> Task item
Whatever appears in the data below, copy it exactly.
********************
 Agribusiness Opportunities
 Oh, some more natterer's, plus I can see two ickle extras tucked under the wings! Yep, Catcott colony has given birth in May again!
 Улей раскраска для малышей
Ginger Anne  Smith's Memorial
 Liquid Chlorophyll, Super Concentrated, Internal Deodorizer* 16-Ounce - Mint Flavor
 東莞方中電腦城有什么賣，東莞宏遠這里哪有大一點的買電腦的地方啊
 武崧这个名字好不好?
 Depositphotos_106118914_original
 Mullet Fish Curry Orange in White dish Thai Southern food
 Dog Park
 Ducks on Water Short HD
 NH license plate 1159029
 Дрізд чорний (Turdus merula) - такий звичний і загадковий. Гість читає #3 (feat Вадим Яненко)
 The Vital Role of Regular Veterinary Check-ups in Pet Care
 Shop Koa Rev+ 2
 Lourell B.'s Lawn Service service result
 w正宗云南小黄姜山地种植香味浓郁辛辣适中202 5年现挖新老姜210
********************
> Answer space
 Agribusiness Opportunities
 Oh, some more natterer's, plus I can see two ickle extras tucked under the wings! Yep, Catcott colony has given birth in May again!
 Улей раскраска для малышей
Ginger Anne  Smith's Memorial
 Liquid Chlorophyll, Super Concentrated, Internal Deodorizer* 16-Ounce - Mint Flavor
 東莞方中電腦城有什么賣，東莞宏遠這里哪有大一點的買電腦的地方啊
 武崧这个名字好不好?
 Depositphotos_106118914_original
 Mullet Fish Curry Orange in White dish Thai Southern food
 Dog Park
 Ducks on Water Short HD
 NH license plate 1159029
 Дрізд чорний (Turdus merula) - такий звичний і загадковий. Гість читає #3 (feat Вадим Яненко)
 The Vital Role of Regular Veterinary Check-ups in Pet Care
 Shop Koa Rev+ 2
 Lourell B.'s Lawn Service service result
 w正宗云南小黄姜山地种植香味浓郁辛辣适中202 5年现挖新老姜210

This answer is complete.